I’m somewhere in the middle with this novel. We Were Restless Things is about a mysterious lake in the woods that only appears to teenager Noemi Amato and occasionally to her friends once Noemi has taken them there. The previous summer, Noemi’s friend Link was found dead in the woods, his lungs filled with water but, as far as anyone else but Noemi knows, nowhere near a lake or a stream. It’s a strange mystery.
This novel isn’t really about answering that mystery. We get the answer to what happened to Link but it comes fairly early. The story seems a bit unfocused at times, perhaps unsure what it really wants to be. The novel is clearly in love with main character Noemi, a creative photographer-student who all other characters unreservedly are drawn to. Magical things seem to happen, drawn from her dreams and imagination.
Noemi’s mother’s boyfriend’s son, Jonas, comes to live with them in their converted bed-and-breakfast. Jonas is the same age as Noemi and they begin a relationship. This relationship, and Noemi’s character, is the more interesting part of the novel, outside of some of the dreamy imagery around the lake. While Noemi is romantically attracted to Jonas, she’s asexual, and she’s trying to learn what exactly that means for her and for her relationships. I haven’t seen many asexual characters who identify so in literature and it was nice to see that representation.

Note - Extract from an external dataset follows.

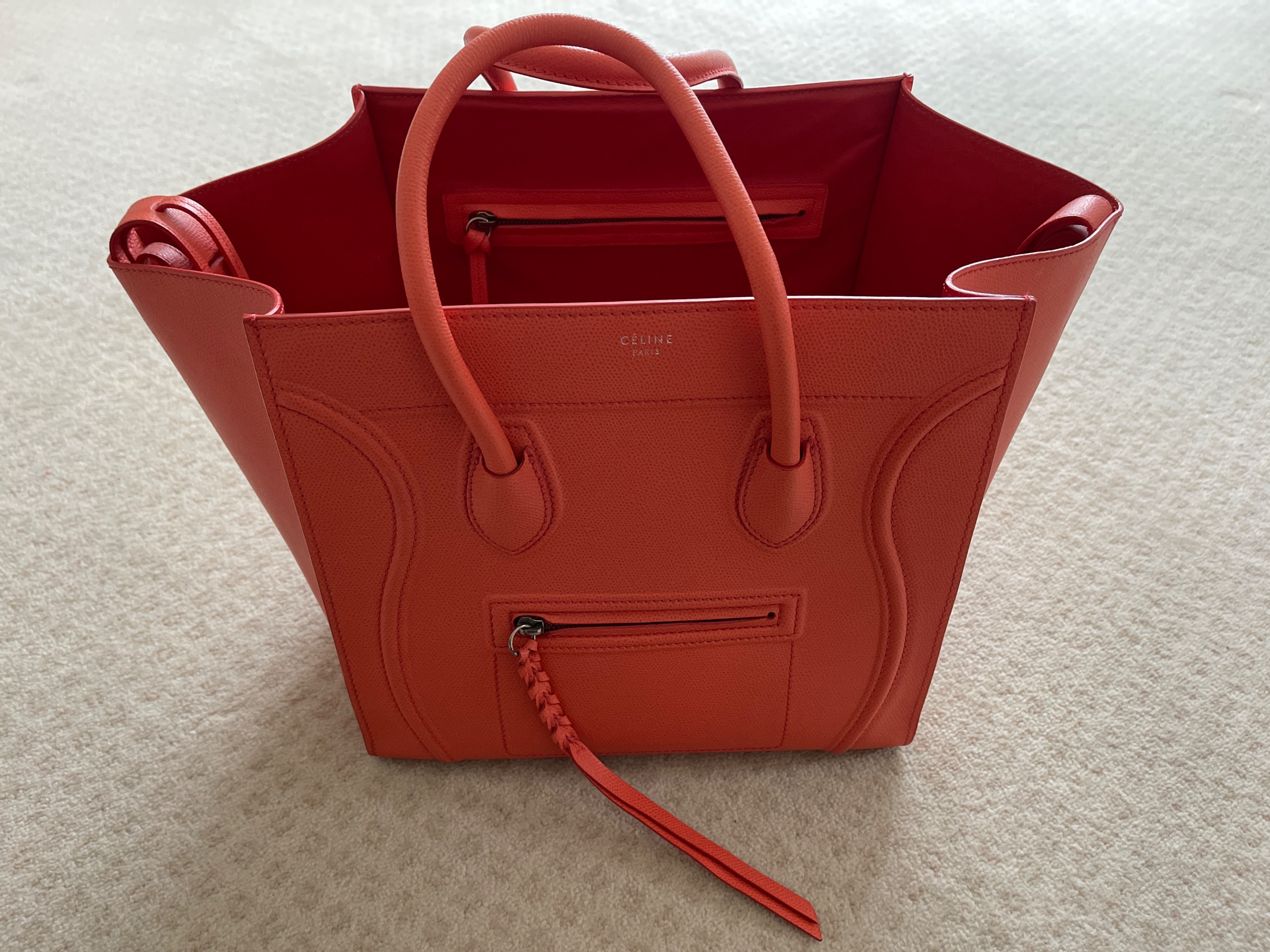 Preowned Celine Orange Phantom Luggage Tote leather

There were elements that frustrated me. Things that would terrify anyone happen to the teens and and then they go back to their regular lives, more than once, relatively unscathed and more interested in if someone likes them than the scary, dangerous thing they went through that would consume a normal person’s thoughts. Noemi continues to take her friends to a place she knows is dangerous without seeming to have any real concerns for the potential ramifications. These are the types of things that, in a horror movie, would make me yell Nooooo! at the screen and shake my head at the foolishness.
The first and second halves seemed almost like different books, with the first being more plot-driven and the second more an exploration of relationships and the need for different types of connection. I can’t help but wonder if I had expected something different if I would have enjoyed it a bit more. For those who enjoy dreamy fiction with speculative elements and don’t go into the book expecting a fantasy murder mystery, this book may be perfect for you.